Friday Daily Editor Idris O’Neill was recently awarded Bwog’s “Most Virginal” award, a condition probably attributed to the fact that there are at least a few people out there she missed her shot with. She apologizes for the late notice but let’s try again in four months, okay?
To all the people I didn’t hook up with:
I’m writing this in the back of an Uber, looking at Barnard shrink in the rearview mirror. As I pass all the bars I never went to, the restaurants I didn’t eat at, the missed opportunity of going above 125th because it’s not gentrified yet, there’s one thing I regret not doing that won’t leave my thoughts: you.
I remember every flirt, hands touching hands, every time I did that laugh that was like “you’re not that funny but I’m trying to fuck,” every exchange of smirks, the many, many conversations over drinks you bought and of course, me leaving. That was always the best feeling, having you waste your time trying to get it in with me and the power of me saying, “I think I’m actually just going to go to bed.” It was so gratifying that I wrote my final anthropology paper on it.

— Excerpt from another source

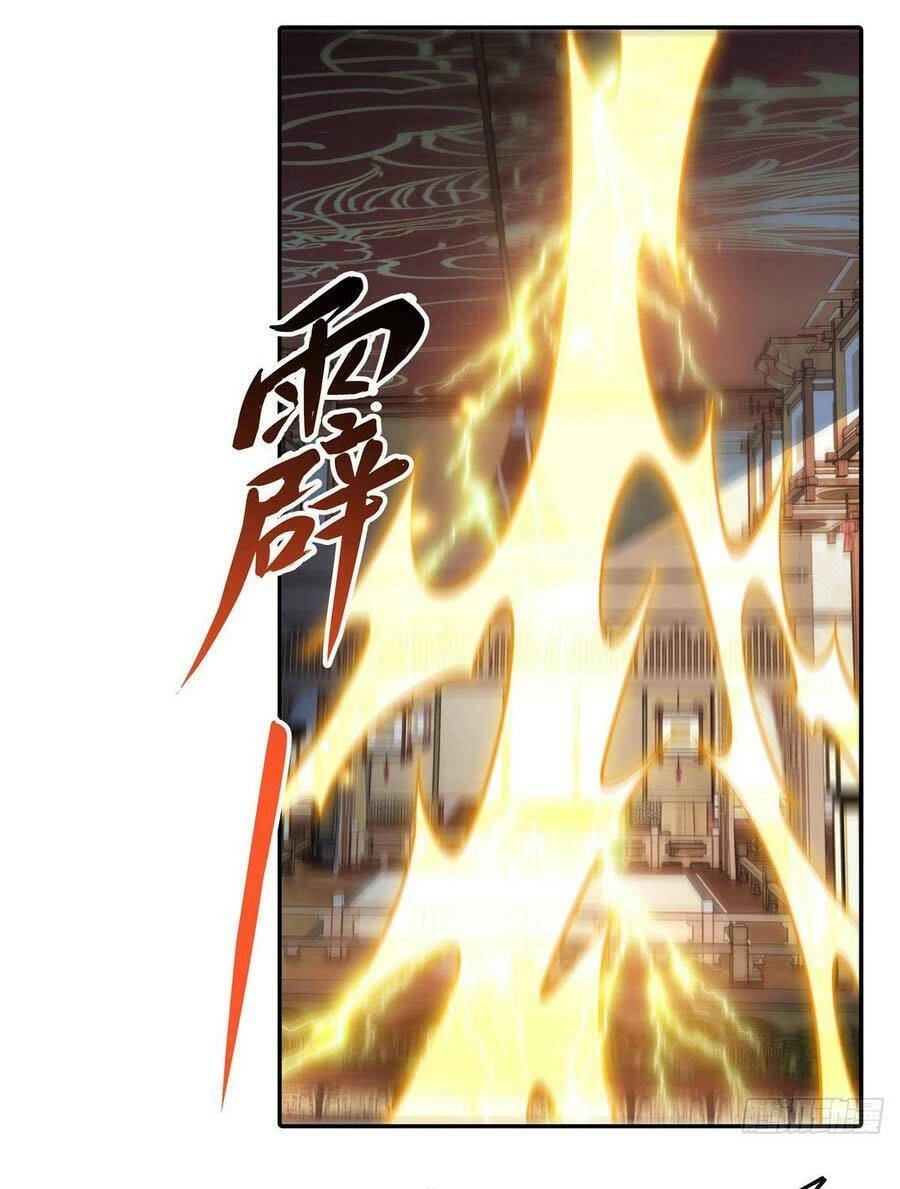 Các Nữ Đồ Đệ Của Ta Đều Là Chư Thiên Đại Lão Tương Lai Chapter 82 - 5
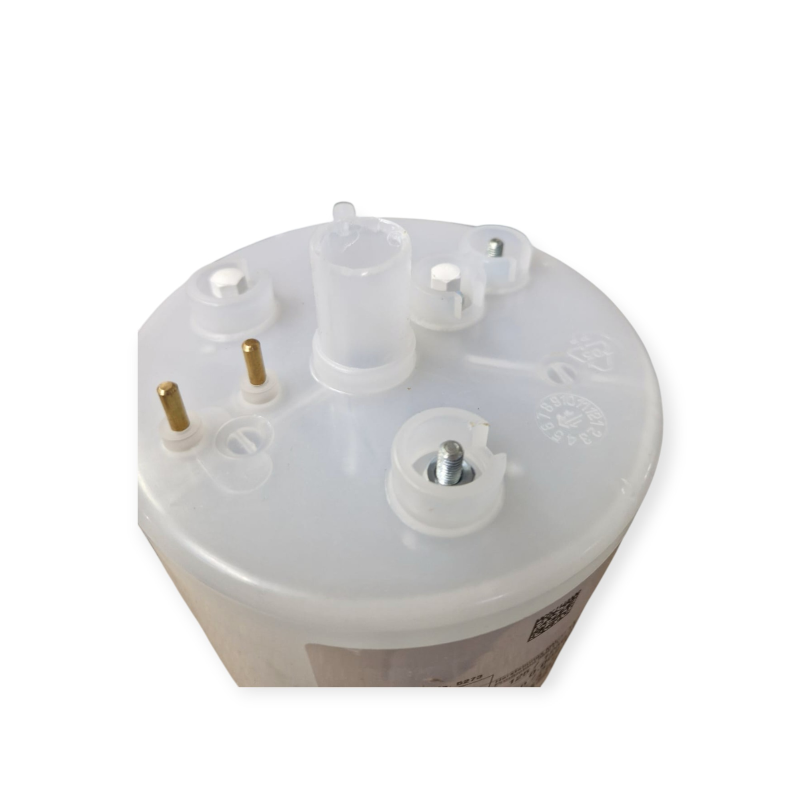 CYLINDRE DE RÉSERVOIR À VAPEUR CAREL L201MA0000 HUMIDIFICATEUR DE BAIN EN TURQUIE 0.3 - 3 KG / H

I miss you. I thought I should be candid about, just say what I really want to say instead of waste more time playing this game of me pretending this is going somewhere, like your bed. I did want our almost-hook up. The truth is the attraction was there, but there is no single person I’m so attracted to I’d lose sleep over it. Let’s do this all over again at, like, noon or late afternoon. I’m not picky; I just don’t think last call at 1020 at 4 am is going to cut it.

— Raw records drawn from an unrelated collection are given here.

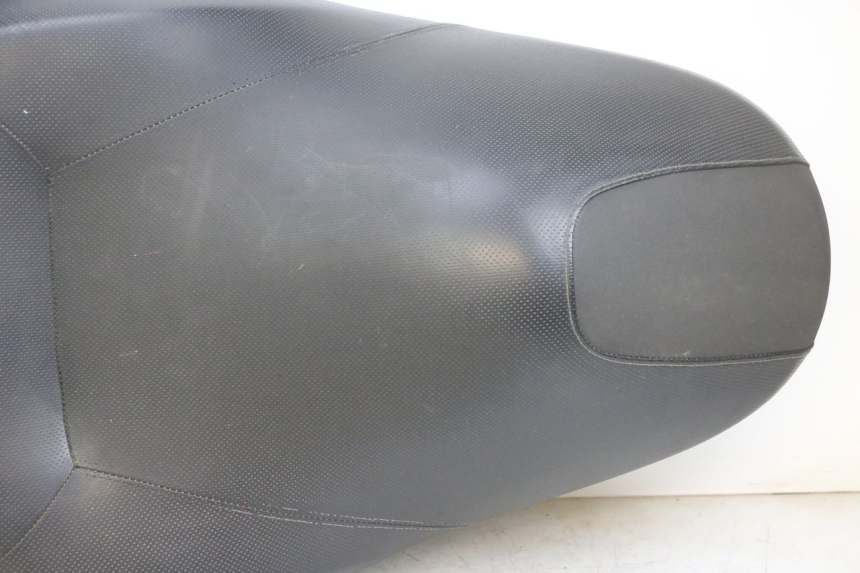 photo de SEAT YAMAHA XMAX X-MAX 125 (2006 - 2009) - Alternative angle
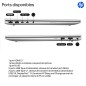 HP ProBook 4 G1i AI Intel Core Ultra 7 255U Ordinateur portable 40,6 cm (16") WUXGA 32 Go DDR5-SDRAM 1 To SSD Wi-Fi 7 HP ProBook 4 G1i AI Intel Core Ultra 7 255U Ordinateur portable 40,6 cm (16") WUXGA 32 Go DDR5-SDRAM 1 To SSD Wi-Fi 7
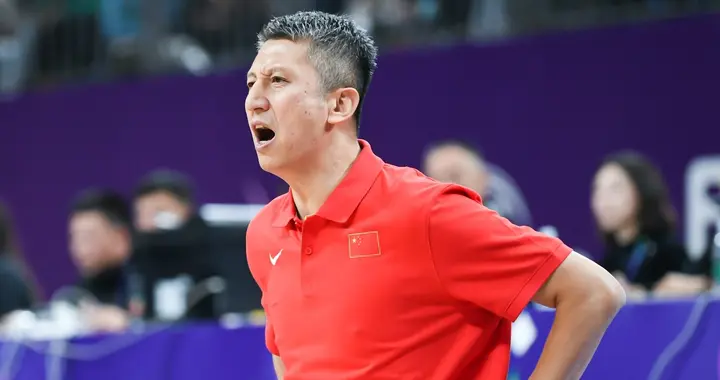 中国男篮12人名单预测：后卫线竞争大，下一个王俊杰有望诞生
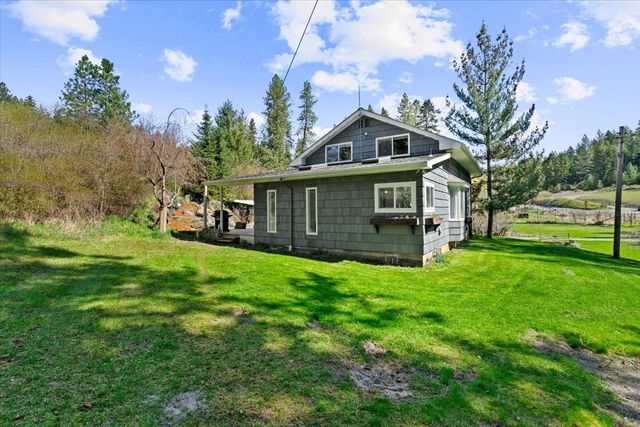 16825 N Day Mt. Spokane Rd, Greenbluff, WA 99021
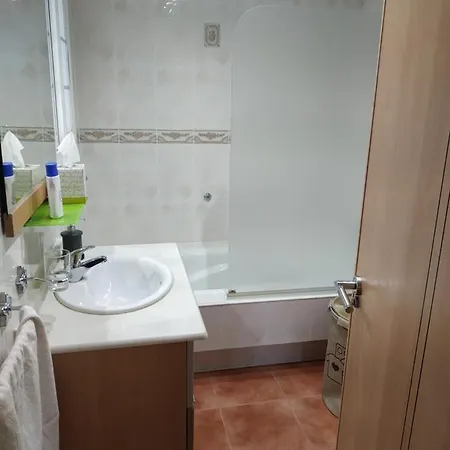 Camino De La Playa Apartamento Apartment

There’s still hope for you. In this new school year, when I’m a completely different person because I ate-prayed-loved myself into an enlightened, casually sexual being in Indonesia, I’d like to see you again. I hope you keep me in your thoughts in our time apart, that you learn and grow from it. Maybe you’ll tell better jokes, buy more drinks, and ultimately become the type of person I would lose sleep over. See you soon.